Den Standard endlich auf “Offen” setzen! – Offener Brief an das Bundesministerium des Innern

<!-- TEASER_END -->

Die vom Bundesministerium des Innern (BMI) geplante
Government-Data-Plattform trat an, "für Deutschland ein nachhaltiges
Angebot an frei zugänglichen Verwaltungsdaten für Bürgerinnen und
Bürger, die Wirtschaft und andere Verwaltungseinheiten" bereitzustellen.
\[1\]

Der Erfolg der Plattform und der Open-Government-(Data)-Strategie von
Bund und Ländern hängt maßgeblich davon ab, daß Datensätze zugänglich
gemacht werden, die für potentielle Nachnutzer interessant und relevant
sind. Bis heute sind in Deutschland viele relevante Datensätze gar nicht
oder nicht als offene Daten zugänglich. \[2\] Diese Daten müssen im
Sinne der zehn Prinzipen für offene Daten \[3\] technisch und rechtlich
offen sein, um die Nachnutzung auch zu kommerziellen Zwecken zu
ermöglichen.

In dieser gemeinsamen Erklärung begründen mehr als zehn Vertreter der
deutschen Open-Government-Community, warum die Plattform govdata.de in
der jetzt vorgesehen Form nicht akzeptabel ist.

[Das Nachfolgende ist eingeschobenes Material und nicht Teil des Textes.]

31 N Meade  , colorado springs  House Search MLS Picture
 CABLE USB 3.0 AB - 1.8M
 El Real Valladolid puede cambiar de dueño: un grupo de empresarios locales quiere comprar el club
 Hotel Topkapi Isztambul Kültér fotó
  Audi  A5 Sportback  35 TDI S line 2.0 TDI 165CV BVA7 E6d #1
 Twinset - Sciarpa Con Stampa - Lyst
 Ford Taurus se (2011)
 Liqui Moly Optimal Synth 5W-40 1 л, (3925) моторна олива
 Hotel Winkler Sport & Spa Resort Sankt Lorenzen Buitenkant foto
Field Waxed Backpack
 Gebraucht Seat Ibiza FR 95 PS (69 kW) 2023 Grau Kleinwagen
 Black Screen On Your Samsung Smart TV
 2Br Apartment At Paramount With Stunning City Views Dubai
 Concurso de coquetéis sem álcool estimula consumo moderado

Die vor kurzem veröffentlichten Rechtemodelle \[4\] für das Portal und
die bisherigen Einblicke in die Plattform zeigen einen Ansatz, der weder
offen im Sinne der weltweit anerkannten Standards \[5\] ist noch
zeitgemäß oder effektiv im Hinblick auf Umsetzung, Usability und
Sicherheit. Auch ist bisher nicht ersichtlich, wie man gedenkt, eine
Nachnutzung der Daten aktiv zu fördern und so eine Community rund um das
Datenangebot zur Nachnutzung zu motivieren. Es besteht noch enormer
Handlungsbedarf auf verschiedenen Ebenen.

Das vorgeschlagene Lizenzmodell ist eine Insellösung!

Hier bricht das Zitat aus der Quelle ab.